A new survey shows it is the smallest and largest New Zealand wineries that have shown the most growth in 2011 - while the country's UK chief is calling on wineries to be 'more confident' on pricing.
While wineries across the spectrum have improved their profitability during the past financial year, those at the smaller and larger ends of the earning spectrum, earning below NZ$1m and above NZ$10m in revenue, have improved profitability by the greatest amount, the survey from Deloitte shows.
Vintage 2011, released this week by Deloitte and New Zealand Winegrowers, tracks the results of survey respondents accounting for nearly a third of the industry’s export sales revenue for the 2011 financial year.
Deloitte partner Paul Munro said, ‘These movements are positive, and certainly are cause for optimism that the industry is showing signs of a turnaround from the declining profitability exhibited over recent years.
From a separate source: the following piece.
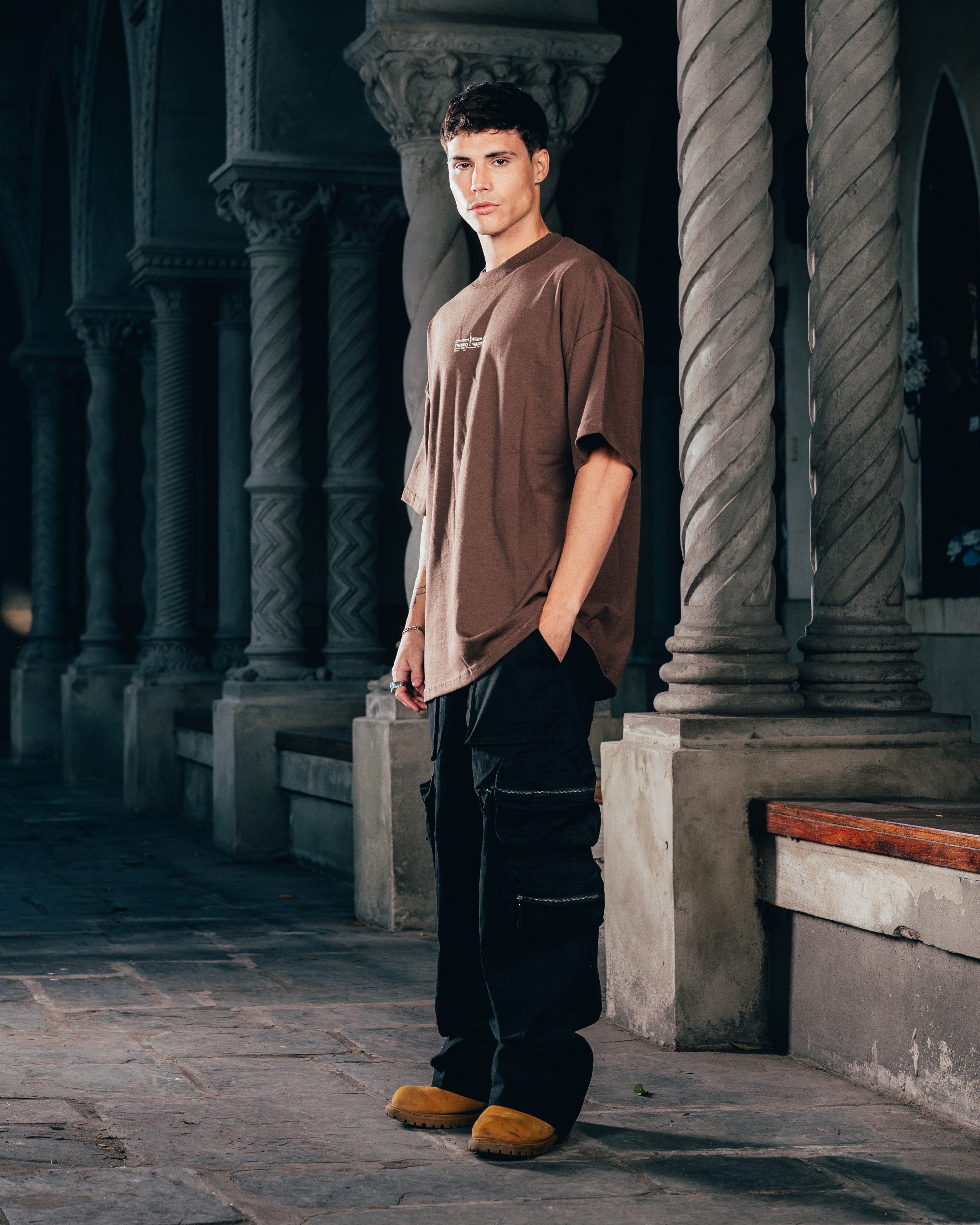 REMERA OVERSIZED [ WARRIOR ] DAGGER CHOCOLATE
But there is some way to go before it could be considered a full recovery.’
The most profitable category in this year’s survey was the wineries earning less than NZ$1m in revenue, with an average profit of 17.4%. Part of this improvement was likely to be due to the reduction in costs from selling grapes rather than processing them for sale.
The next most profitable category was the largest wineries, earning more than NZ$20m in revenue. This group’s average profit was 15.3%, up from 7.8% last year, on the back of high gross margins and lower debt servicing costs.
For the smaller wineries in the $1m-5m revenue category, the 2011 financial year saw effectively a sixth consecutive year of negative returns largely due to lower gross margins and relatively high administration expenses.
The survey said ‘issues of high indebtedness combined with reduced land values continue to plague the industry, and despite efforts to reduce costs many wineries are still struggling to become profitable – particularly among smaller wineries.’
From the UK perspective, however, New Zealand wineries should be more than optimistic – they should be ‘bullish’, David Cox, european director for New Zealand Winegrowers said, adding that he was ‘asking producers to be more confident in terms of their pricing.’
‘I am quite bullish about the prospects of the New Zealand market,’ he told Decanter.com. ‘We continue to build value ahead of volume.’
Cox said he believes that the fact the average bottle price of a New Zealand is £6.21, compared with a national average for all wine of £4.80, is cause for optimism in the midst of a recession.
‘Above £8-10 the UK consumer is less price-sensitive. And in that bracket New Zealand has 22% of all wines sold.’
Philip Gregan, CEO of New Zealand Winegrowers, said despite progress, ‘the high New Zealand dollar has continued to make the export environment particularly challenging for many producers.’